Cette capacité de financement fut d’ailleurs utilisée durant la crise des dettes souveraines en Zone euro au début de la décennie 2010. Dès le mois de mai 2010, un premier plan de sauvetage de la Grèce sera mis en place :
– création d’un fonds de stabilisation de 750 Mds€ : 60 Mds€ apportés par l’Union européenne, 440 Mds€ apportés par les Etats et justement 250 Mds$ apportés par le FMI ;
– un plan de soutien spécifique pour la Grèce composé de 80 Mds€ de prêts bilatéraux des Etats de la Zone euro [et de 30 Mds€ de prêts accordés par le FMI.
A quoi ont correspondu les aides de 280 Mds € de la part du FMI (dont 30 destinés immédiatement aux finances grecques) ? Jusqu’alors, il existait une règle qui fixait la « limite » de financement à 10 fois les quotes-parts.
Cela signifiait donc que l’ensemble de la zone avait théoriquement la capacité de lever jusqu’à 580 Mds€… Il faut interpréter sans doute ces 280 Mds€ comme une partie de cette capacité.
Autant dire que, sans que l’on en ait trop parlé à l’époque, il y avait déjà une forme de mutualisation des plans de sauvetage des pays les plus fragiles de la Zone euro, puisqu’en 2011, des pays comme le Portugal et l’Irlande bénéficieront des plans d’assistance du FMI (en plus du FESF).
La solution des Eurobonds ou l’impossible fédéralisme fiscal
Il est vrai que la mutualisation qui intéresse les marchés financiers et nombre de responsables politiques (plutôt en Europe du sud, France comprise) est celle des dettes nationales (ou en tout cas d’une partie d’entre elles). Cela serait accompagné de programmes d’émissions d’Eurobonds et de la mise en place d’un début de fédéralisme fiscal (budget commun et levée d’impôts communes).
L’idée est simple sur le papier : la Zone euro est solvable prise dans sa globalité – ce qui n’est pas forcément le cas de certains Etats pris isolément dans un contexte de remontée des taux. Par conséquent, créer une agence européenne en charge des émissions pour les besoins de refinancement de l’ensemble des pays de la zone en lieu et place des émetteurs nationaux casserait définitivement les risques de spéculation sur des dettes publiques « périphériques ».
Cette idée a toujours été rejetée parmi les pays à excédents budgétaires que sont l’Allemagne et les Pays-Bas.
Aujourd’hui encore, en pleine crise du coronavirus, ces pays résistent à cette idée pour plusieurs raisons qui se justifient : la notation des Eurobonds serait plus basse que celle du Bund allemand et, partant, le taux d’intérêt plus élevé.
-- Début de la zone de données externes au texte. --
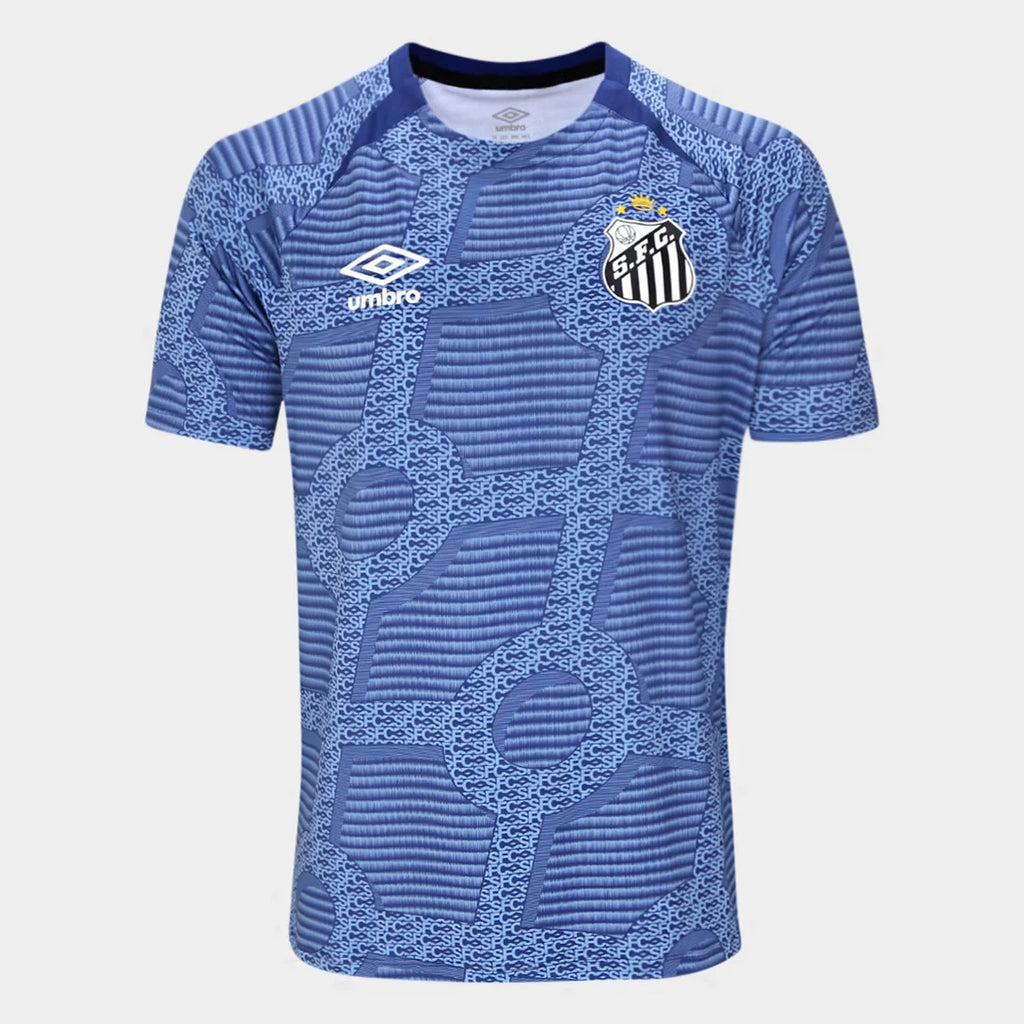Camisa Santos 2024 Aquecimento Umbro Masculina - Azul+Marinho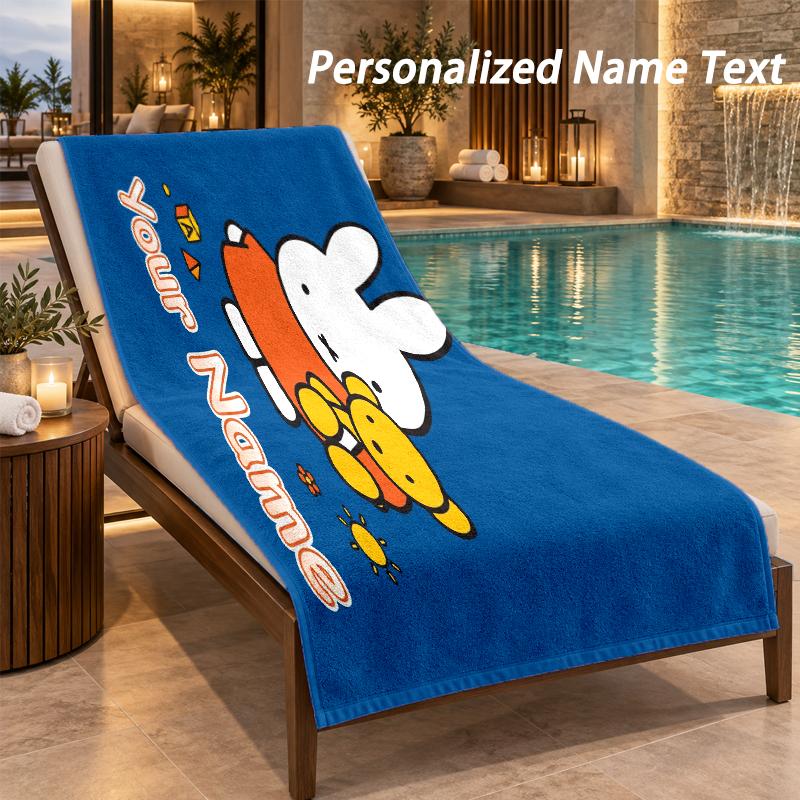 Miffy Custom Name Beach Towel Large Soft Towel for Indoor Bathroom Outdoor Beach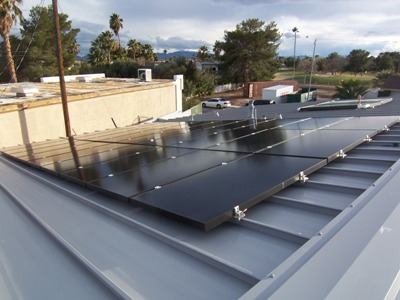 Solar panels on roof during construction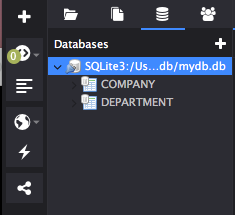 Databases sidebar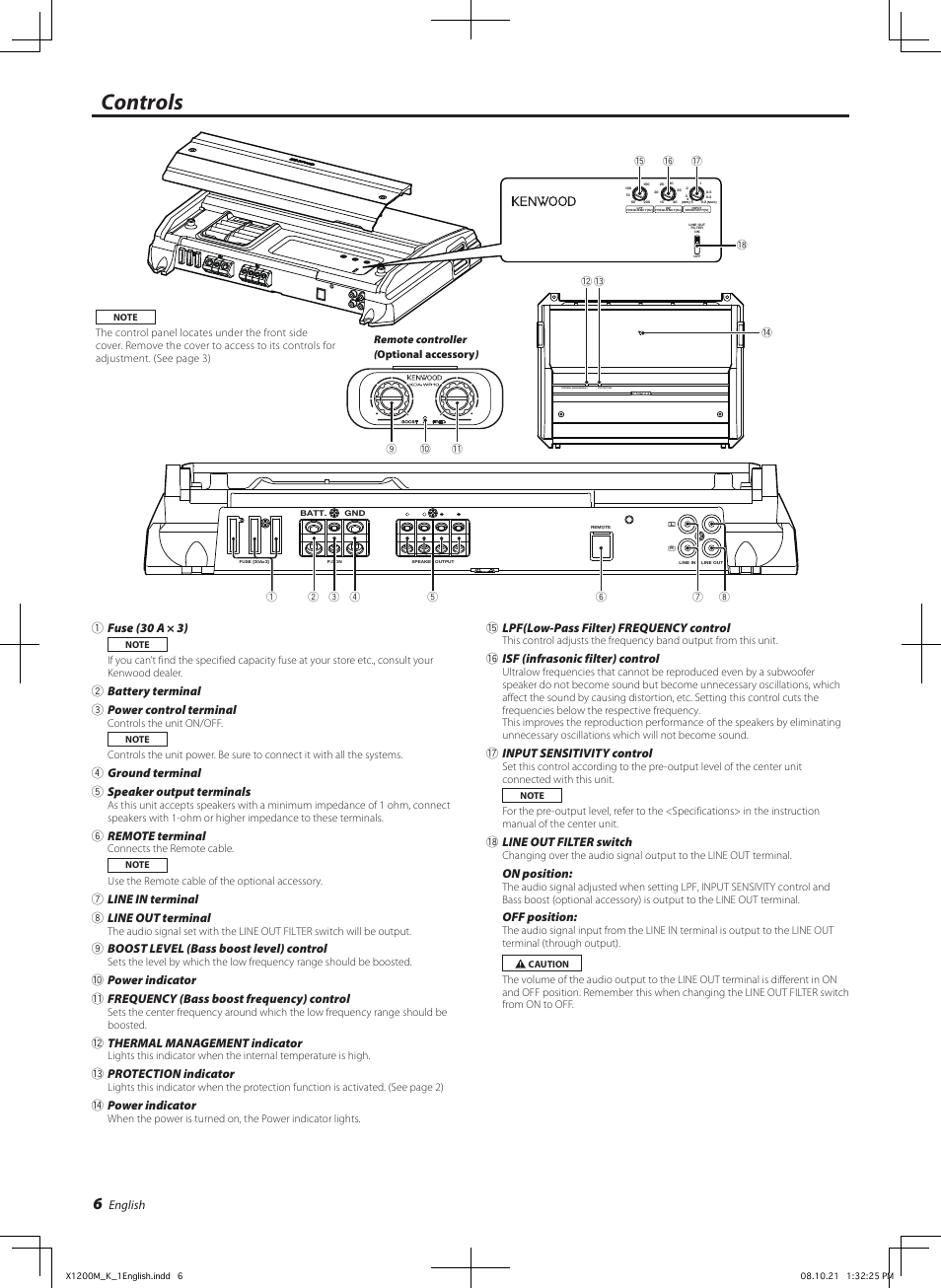 Controls | Kenwood X1200M User Manual | Page 6 / 20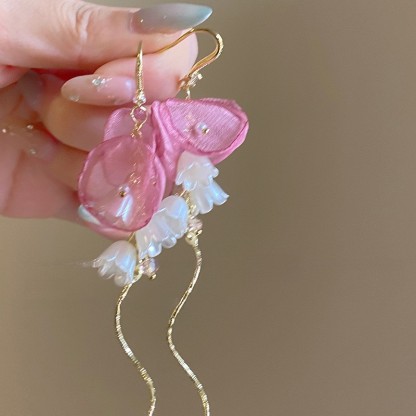 銀針珍珠耳環復古輕奢耳墜/清新甜美高级感耳飾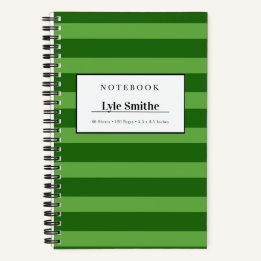 Dunkles und Limettgrün gestreiftes personalisierte Notizbuch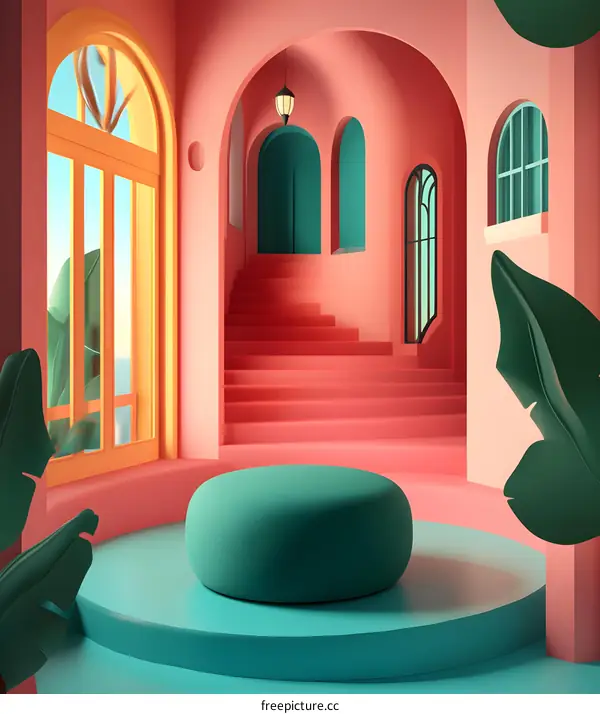 Abstract 3D Illustration of Room with Green Platform and Stairs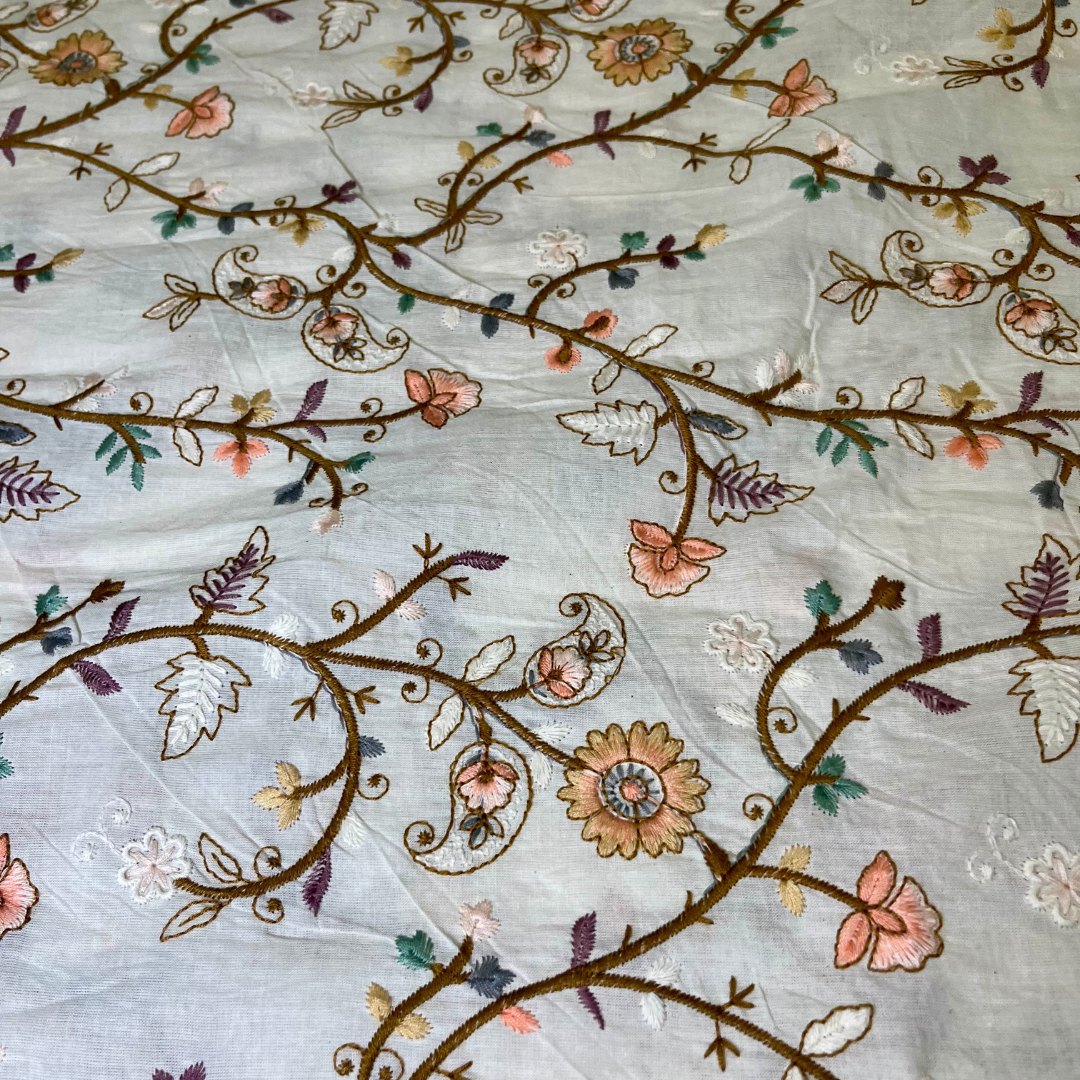Cotton thread jaal work multicolour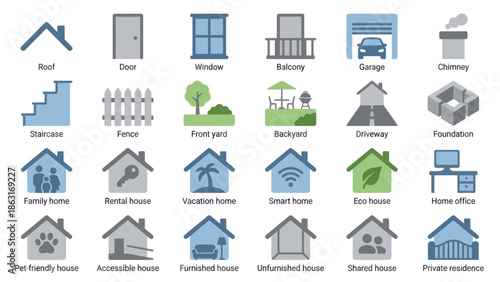 House parts and home types icons set real estate vector illustration. EPS Editable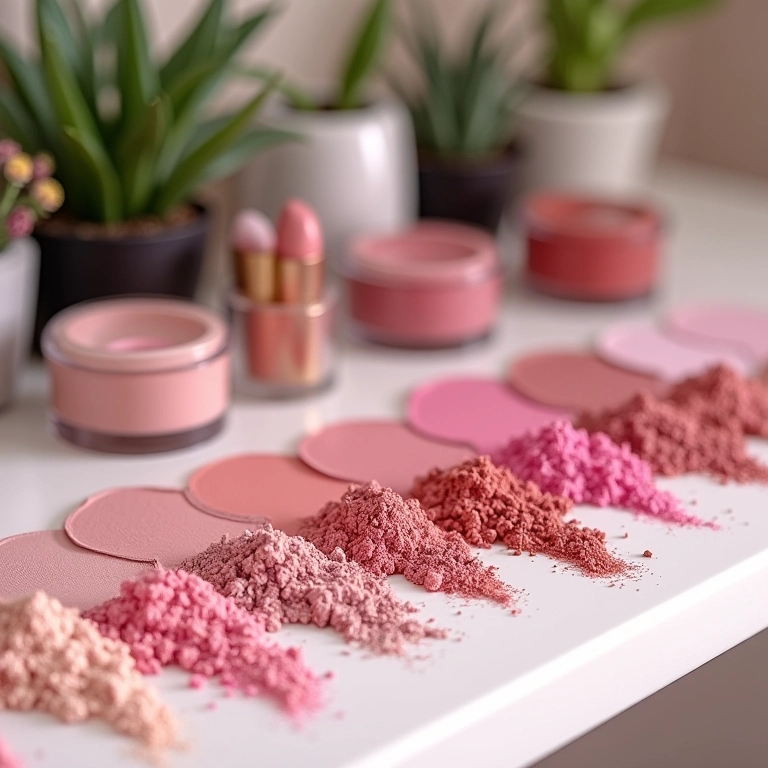 Pós soltos rosa para pele oleosa: opções e texturas.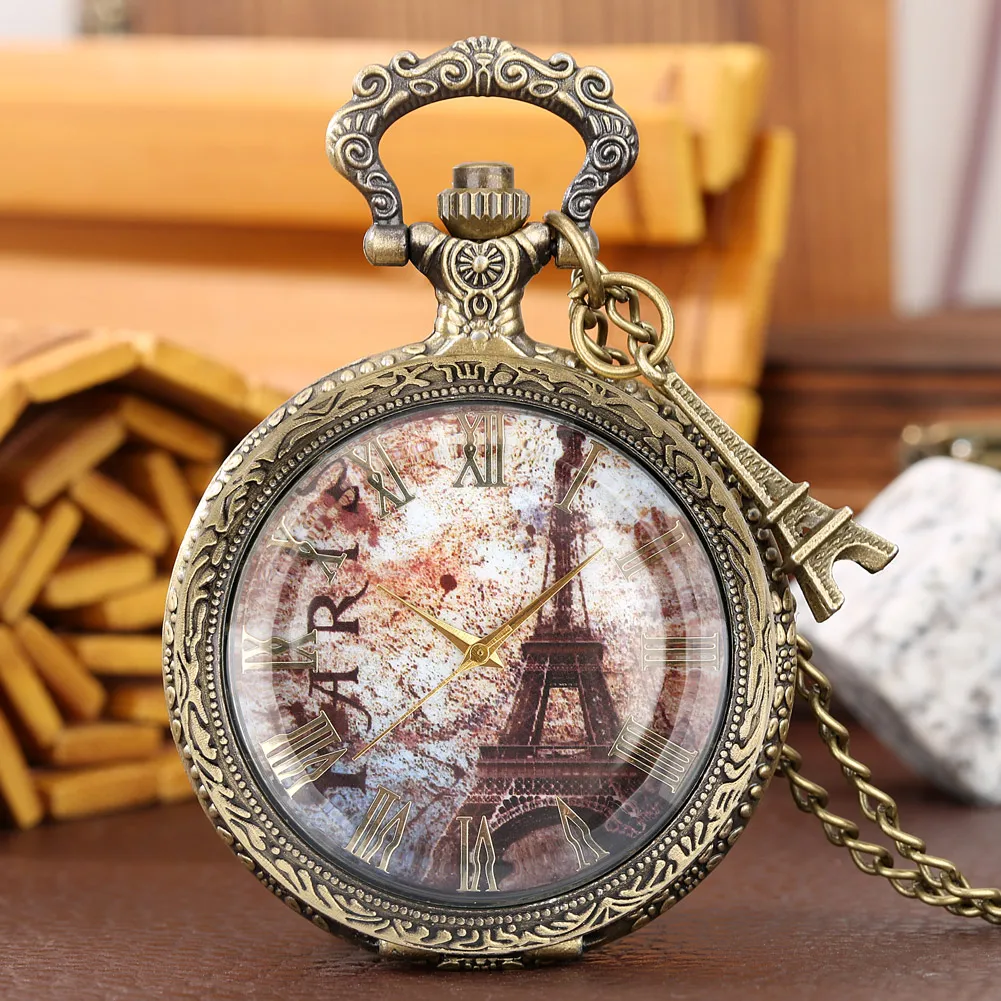 Vintage Paris Famous Scenic Spot Pocket Watch Steampunk Pendant Necklace Watch Accessory Exquisite Collectibles Male Female Gift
On assisterait également à un nivellement par le bas avec un relâchement des disciplines budgétaire et fiscale en Zone euro post-crise du coronavirus.
Les messages politiques en France et en Italie qui parlent de l’égoïsme national des allemands et hollandais sont absolument insupportables. Les gouvernements français et italien devraient reconnaître la chance qu’ils ont de voir une partie de plus en plus importante de leur dette publique rachetée systématiquement par la création monétaire de la BCE – de façon certaine pour les déficits publics conjoncturels en forte hausse en 2020 et peut-être même au-delà.